Mid-size hedge funds pulled in most new money-data |
Date: Tuesday, December 15, 2009
Author: Svea Herbst-Bayliss, Reuters
*Investors appear to prefer bigger funds *Smaller funds eyeing new staff to help pull in money BOSTON, Dec 14 (Reuters) - Hedge funds that oversee at least $5 billion saw
investors add more money than they pulled out in the first nine months of the
year, highlighting clients' apparent taste for bigger hedge fund firms, data
released on Monday show. "Hedge funds with between $5 billion and $10 billion were the only net asset
gatherers ... having experienced a 5 percent positive net flow," researchers at
Barclays Capital wrote in a report. The report comes as pension funds and endowments are putting new money into
alternative assets like hedge funds only one year after the $2 trillion industry
suffered a drubbing with heavy losses plus heavy redemptions. The Barclays report found that very large firms with more than $10 billion in
assets saw low inflows and outflows.

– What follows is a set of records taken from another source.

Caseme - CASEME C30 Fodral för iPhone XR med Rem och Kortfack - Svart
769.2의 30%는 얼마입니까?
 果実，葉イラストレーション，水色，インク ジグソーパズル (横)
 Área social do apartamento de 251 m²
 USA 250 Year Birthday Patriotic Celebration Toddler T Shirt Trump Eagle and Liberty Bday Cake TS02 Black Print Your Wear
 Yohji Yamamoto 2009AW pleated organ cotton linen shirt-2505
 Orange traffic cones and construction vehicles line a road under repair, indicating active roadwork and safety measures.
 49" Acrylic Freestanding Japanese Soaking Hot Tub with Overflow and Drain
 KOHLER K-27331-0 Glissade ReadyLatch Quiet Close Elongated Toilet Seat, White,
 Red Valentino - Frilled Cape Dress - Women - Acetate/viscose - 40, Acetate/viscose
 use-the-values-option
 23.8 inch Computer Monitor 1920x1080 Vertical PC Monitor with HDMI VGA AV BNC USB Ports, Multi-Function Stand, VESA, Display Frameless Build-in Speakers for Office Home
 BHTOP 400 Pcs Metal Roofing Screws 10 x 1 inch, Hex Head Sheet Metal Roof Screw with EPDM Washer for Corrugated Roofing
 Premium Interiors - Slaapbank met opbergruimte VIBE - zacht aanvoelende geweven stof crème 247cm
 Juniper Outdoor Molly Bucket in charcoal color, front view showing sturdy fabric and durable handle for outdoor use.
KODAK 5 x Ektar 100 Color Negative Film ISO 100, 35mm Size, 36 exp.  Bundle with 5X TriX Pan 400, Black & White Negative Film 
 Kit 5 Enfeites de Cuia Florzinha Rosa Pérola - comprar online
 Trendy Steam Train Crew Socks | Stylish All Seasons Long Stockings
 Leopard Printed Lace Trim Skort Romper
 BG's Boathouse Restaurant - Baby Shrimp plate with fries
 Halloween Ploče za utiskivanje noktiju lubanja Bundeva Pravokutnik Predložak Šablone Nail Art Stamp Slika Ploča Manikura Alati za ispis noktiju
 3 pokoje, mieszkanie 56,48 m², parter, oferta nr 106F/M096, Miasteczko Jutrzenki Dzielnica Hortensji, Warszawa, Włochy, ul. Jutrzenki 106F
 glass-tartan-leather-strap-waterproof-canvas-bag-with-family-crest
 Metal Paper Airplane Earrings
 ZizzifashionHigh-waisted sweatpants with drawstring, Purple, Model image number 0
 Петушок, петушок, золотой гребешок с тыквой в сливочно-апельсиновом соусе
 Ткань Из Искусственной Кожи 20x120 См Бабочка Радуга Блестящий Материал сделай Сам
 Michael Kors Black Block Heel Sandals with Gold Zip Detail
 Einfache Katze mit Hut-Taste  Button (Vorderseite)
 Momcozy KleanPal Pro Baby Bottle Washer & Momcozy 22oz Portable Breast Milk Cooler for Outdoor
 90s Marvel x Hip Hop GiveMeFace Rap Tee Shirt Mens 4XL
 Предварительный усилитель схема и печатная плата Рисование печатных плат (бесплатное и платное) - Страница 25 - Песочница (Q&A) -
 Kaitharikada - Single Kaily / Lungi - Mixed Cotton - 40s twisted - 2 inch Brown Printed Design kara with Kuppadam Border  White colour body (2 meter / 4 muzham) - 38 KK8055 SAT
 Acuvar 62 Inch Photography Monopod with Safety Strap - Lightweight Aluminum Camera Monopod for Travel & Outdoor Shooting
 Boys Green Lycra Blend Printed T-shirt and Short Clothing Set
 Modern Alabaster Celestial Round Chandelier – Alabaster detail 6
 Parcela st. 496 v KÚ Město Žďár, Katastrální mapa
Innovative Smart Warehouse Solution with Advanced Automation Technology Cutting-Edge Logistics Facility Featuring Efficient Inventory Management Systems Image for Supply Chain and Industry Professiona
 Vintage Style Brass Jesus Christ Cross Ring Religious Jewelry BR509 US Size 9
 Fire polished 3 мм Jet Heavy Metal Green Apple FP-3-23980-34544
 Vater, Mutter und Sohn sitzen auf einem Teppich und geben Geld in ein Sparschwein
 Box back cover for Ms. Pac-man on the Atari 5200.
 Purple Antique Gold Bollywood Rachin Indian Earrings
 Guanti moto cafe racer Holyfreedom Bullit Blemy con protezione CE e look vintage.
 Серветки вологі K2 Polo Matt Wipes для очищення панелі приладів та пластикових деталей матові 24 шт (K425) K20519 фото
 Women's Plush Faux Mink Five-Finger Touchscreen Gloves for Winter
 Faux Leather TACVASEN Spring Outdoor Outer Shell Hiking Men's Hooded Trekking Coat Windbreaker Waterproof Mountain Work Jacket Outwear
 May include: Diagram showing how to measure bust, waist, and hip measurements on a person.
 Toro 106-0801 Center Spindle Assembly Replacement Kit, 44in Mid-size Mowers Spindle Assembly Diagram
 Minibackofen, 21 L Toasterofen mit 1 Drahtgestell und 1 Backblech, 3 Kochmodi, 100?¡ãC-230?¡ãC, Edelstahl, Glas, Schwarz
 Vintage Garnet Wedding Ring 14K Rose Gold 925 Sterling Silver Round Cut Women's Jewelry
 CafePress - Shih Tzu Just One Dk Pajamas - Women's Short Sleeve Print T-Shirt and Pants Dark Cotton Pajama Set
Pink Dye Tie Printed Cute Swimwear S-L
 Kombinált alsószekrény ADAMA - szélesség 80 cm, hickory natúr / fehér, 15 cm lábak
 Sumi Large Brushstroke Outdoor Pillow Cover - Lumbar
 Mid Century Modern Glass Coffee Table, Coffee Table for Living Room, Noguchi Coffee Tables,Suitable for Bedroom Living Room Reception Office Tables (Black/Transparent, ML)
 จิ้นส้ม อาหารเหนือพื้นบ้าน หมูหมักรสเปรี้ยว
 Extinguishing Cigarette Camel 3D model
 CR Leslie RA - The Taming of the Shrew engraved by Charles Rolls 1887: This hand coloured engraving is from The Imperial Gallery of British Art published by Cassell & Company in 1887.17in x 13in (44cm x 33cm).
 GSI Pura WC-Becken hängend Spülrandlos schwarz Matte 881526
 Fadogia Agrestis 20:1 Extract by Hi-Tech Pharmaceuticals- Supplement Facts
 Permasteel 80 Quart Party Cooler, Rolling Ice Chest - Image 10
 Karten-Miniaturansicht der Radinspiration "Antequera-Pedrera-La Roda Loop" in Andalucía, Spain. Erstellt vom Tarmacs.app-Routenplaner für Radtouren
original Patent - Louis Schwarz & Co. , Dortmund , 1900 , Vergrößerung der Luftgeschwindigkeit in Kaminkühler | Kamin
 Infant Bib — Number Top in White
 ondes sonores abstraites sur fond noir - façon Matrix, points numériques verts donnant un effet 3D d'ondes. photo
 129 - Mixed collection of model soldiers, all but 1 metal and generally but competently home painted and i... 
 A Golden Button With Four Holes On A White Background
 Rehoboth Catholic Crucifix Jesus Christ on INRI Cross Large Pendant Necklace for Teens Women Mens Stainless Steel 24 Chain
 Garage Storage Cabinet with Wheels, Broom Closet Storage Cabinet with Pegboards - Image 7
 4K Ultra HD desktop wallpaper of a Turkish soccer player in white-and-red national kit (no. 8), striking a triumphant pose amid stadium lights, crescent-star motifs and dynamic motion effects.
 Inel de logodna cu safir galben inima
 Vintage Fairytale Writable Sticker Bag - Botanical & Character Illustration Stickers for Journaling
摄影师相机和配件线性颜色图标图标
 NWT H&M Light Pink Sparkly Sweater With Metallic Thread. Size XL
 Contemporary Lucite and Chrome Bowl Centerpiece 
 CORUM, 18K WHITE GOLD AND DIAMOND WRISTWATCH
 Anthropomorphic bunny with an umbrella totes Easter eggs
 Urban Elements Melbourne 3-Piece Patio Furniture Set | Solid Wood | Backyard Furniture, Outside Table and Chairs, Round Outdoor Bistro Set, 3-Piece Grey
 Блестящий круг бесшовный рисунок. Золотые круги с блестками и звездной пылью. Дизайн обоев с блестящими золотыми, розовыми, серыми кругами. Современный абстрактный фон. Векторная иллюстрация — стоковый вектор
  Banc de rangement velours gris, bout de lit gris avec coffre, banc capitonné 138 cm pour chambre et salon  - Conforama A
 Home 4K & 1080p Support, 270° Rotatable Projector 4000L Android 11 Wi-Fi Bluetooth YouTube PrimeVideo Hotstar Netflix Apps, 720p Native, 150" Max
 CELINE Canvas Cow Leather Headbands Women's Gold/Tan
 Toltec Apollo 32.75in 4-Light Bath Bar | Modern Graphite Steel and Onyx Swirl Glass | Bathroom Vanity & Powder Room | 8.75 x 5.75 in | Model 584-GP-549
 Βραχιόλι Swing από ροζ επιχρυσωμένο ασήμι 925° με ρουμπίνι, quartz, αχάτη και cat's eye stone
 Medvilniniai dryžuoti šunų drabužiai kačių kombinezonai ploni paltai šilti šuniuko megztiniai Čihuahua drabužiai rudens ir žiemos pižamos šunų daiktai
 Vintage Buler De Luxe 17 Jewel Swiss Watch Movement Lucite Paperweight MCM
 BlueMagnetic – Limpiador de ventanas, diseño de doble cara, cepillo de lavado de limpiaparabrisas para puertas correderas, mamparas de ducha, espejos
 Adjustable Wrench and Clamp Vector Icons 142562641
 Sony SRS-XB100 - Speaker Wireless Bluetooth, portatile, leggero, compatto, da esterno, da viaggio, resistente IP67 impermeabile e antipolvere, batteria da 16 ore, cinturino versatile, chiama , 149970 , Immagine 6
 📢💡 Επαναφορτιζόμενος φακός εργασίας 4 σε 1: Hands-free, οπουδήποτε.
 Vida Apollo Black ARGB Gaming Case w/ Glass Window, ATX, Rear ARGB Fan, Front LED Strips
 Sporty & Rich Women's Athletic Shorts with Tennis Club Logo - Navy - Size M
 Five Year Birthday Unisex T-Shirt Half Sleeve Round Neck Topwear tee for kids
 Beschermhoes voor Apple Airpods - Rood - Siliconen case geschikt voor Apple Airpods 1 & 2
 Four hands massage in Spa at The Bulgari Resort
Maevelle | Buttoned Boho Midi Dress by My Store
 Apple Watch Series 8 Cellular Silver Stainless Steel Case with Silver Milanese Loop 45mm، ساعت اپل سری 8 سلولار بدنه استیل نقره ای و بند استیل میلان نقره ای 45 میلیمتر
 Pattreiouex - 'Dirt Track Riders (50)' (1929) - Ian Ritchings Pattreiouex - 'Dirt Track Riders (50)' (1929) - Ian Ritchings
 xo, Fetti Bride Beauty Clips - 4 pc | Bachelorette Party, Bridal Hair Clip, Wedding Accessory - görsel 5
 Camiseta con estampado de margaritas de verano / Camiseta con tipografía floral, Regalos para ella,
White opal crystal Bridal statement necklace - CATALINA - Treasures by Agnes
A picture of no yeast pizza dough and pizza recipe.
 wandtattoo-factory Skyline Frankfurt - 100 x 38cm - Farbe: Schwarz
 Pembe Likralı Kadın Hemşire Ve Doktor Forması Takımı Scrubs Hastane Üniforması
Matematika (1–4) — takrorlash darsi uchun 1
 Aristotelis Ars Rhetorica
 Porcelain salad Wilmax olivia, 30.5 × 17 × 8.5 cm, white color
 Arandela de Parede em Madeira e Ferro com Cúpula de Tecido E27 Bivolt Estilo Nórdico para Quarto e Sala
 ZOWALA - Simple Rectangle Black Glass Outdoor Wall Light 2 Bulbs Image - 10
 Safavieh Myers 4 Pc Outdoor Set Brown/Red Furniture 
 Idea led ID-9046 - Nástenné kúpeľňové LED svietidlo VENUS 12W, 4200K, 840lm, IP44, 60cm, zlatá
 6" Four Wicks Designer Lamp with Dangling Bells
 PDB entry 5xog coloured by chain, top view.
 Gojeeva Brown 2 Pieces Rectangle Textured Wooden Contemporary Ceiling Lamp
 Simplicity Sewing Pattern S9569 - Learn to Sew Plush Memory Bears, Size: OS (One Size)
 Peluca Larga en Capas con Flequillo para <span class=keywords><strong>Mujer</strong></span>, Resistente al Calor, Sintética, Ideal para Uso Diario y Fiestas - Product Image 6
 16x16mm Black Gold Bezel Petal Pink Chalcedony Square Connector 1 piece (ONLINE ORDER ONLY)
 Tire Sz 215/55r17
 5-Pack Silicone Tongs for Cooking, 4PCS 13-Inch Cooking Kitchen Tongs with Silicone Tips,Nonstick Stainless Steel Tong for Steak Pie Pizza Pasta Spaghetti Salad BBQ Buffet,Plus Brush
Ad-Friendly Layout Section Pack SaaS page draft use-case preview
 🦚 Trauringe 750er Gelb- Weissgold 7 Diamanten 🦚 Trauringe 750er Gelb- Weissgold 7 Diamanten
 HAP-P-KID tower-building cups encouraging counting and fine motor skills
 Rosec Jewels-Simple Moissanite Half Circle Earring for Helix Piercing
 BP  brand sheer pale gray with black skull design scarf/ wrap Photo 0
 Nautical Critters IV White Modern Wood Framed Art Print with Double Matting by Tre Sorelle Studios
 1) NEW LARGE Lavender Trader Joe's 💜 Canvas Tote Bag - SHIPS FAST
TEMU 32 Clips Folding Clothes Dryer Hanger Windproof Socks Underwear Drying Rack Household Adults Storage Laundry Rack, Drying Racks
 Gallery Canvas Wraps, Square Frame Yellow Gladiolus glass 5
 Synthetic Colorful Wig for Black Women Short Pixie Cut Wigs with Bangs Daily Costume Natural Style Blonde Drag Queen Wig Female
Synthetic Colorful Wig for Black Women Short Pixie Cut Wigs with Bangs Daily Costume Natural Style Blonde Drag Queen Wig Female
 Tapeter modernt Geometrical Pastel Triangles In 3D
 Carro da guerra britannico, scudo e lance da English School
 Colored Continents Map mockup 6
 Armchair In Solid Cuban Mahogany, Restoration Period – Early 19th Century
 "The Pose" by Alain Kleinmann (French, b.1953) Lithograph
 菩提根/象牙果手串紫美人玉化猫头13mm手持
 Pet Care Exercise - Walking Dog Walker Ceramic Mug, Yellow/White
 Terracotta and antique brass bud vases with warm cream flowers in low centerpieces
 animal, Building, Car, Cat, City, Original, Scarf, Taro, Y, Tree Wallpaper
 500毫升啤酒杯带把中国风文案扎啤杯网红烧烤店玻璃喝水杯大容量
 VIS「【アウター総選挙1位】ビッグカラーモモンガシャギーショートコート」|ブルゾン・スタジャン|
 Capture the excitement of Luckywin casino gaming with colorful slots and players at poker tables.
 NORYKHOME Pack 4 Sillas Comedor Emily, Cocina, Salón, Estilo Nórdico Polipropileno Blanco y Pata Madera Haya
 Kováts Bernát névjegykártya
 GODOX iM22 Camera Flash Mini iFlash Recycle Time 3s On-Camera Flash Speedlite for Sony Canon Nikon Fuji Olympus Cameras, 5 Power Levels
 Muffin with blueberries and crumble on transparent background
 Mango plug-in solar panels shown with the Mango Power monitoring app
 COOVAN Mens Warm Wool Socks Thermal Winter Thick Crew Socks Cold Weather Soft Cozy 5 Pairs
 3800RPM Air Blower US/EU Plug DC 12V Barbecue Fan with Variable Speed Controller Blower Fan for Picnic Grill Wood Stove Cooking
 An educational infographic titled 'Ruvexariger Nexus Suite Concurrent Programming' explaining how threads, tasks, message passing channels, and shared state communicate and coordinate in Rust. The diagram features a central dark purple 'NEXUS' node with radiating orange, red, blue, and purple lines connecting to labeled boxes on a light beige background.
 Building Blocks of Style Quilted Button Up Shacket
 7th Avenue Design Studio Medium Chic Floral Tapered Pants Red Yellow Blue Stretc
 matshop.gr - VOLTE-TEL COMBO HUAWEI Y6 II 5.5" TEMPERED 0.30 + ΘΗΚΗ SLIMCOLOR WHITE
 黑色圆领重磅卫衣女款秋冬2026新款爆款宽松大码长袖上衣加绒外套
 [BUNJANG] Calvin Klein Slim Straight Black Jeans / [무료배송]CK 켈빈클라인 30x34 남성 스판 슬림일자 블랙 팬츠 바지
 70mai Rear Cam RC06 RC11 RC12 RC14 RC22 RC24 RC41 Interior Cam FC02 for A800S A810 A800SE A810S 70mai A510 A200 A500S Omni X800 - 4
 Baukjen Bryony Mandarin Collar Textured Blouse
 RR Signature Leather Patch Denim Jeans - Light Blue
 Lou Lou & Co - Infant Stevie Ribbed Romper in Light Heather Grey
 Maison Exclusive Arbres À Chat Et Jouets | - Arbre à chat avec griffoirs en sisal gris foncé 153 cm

Smaller hedge funds that manage between $1 billion and $5 billion experienced
the biggest fluctuations in flows, reporting redemptions of 30 percent and
inflows of 18 percent. Big pension funds that manage state or private corporations' money tend to
prefer bigger hedge funds where they expect a more stable infrastructure than at
smaller firms that may just be starting out. Barclays found that investors added $150 billion in new money to the industry
in the first nine months of the year. Barclays interviewed fund managers whose
firms manage a combined total of $387 billion around the world. The smaller firms, the ones with less than $5 billion in assets, said they
plan to hire more staff to help raise more funds.